Montgomery has always been central to freedom's fight. The Confederacy began in the Alabama State Capitol Senate chambers in 1861 under Jefferson Davis who believed that slavery was protected by the Constitution.  A century later, in 1965 the voting rights march from Selma to Montgomery culminated on these same capitol steps, a push for ballot access that continues today.
 
Some officials here believe redistricting is best left to the state, despite the disregard legislators showed to federal court orders. Alabama GOP Chairman John Wahl still sees the 2021 map as legitimate.

"I genuinely believe that what we should do as a society is look at people as individuals and stand for individual liberty, individual rights, for civil rights, and that all men are created equal and are endowed by their Creator with unalienable rights," Wahl said. "And if we look at people as individuals and not based on the color of their skin, it doesn't matter what the percentage of any race is in a district, because we're looking at each person as important."

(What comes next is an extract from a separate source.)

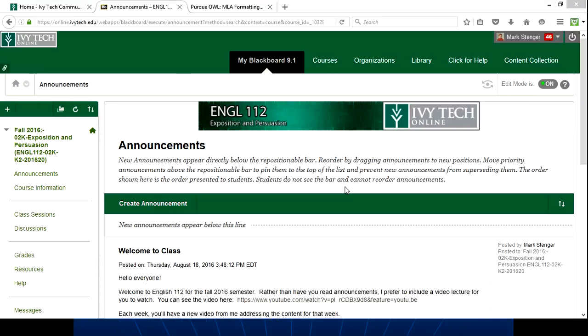Hi everybody, welcome back to class. It's Mark and today is Sunday, August 28th, and we're working on our second session of English 112. I want to tell everyone that I enjoyed reading all of your introductions and I enjoyed the discussion about the political cartoon. That was very interesting, so keep it up.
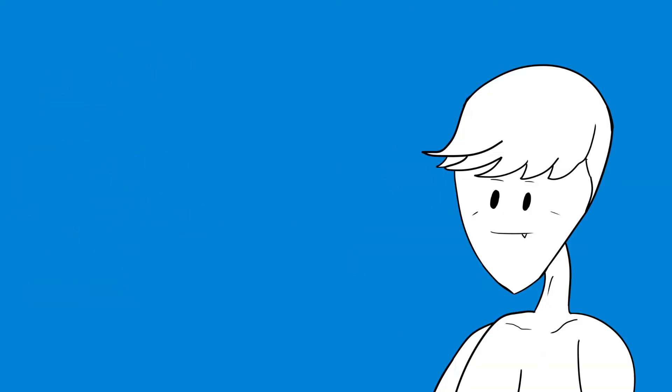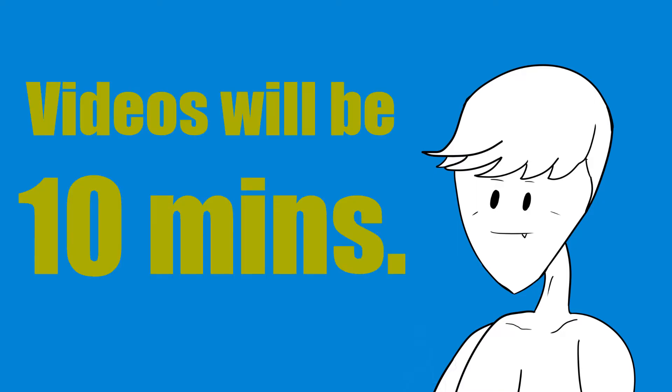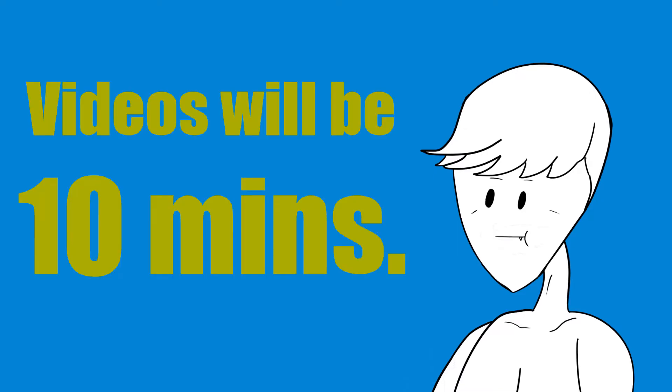The first announcement is about the channel as a whole. Starting now, the videos will be around 10 minutes long. Maybe longer, maybe shorter. Just depends, I guess.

Justice Brett Kavanaugh sought to specifically address that point, writing in the Supreme Court's ruling, "Redistricting, requires in certain circumstances that courts account for the race of voters so as to prevent the cracking or packing—whether intentional or not." 

One legal defense fund lawyer who argued the case before the court says justices acknowledged how Black voters in the Black belt region of the state were cracked, or unnecessarily divided among multiple districts, or packed into a single district to limit influence in other parts of the state.

Brittany Carter of the Legal Defense Fund said, "You don't end up with Black people having virtually zero success of winning a statewide election, which is what the lower court found and what the Supreme Court acknowledged by accident."

In a statement on "X", Alabama Secretary of State Wes Allen confirms his office will facilitate the 2024 election cycle based on the map the federal court "forced" upon Alabama but that more legal options remain.

A trial before the same three-judge panel will take place in 2025, and voters say they'll be ready.

"When I see something isn't right, I'm gonna find a solution to do something about it. I think that's like the core being of my life," Stone said.

Rev. Sims says he's praying faith facilitates what's fair. "Whatever betide, God will take care of you. And that's the hope that we give to our congregants as a hope that we give to our communities and to our cities, that God is a providential God," he said.

In the wake of the Alabama decision, Louisiana and Georgia both have court orders to redraw Republican-drawn maps. There's also pending litigation to consider new majority-Black state legislative districts in South Carolina and Texas.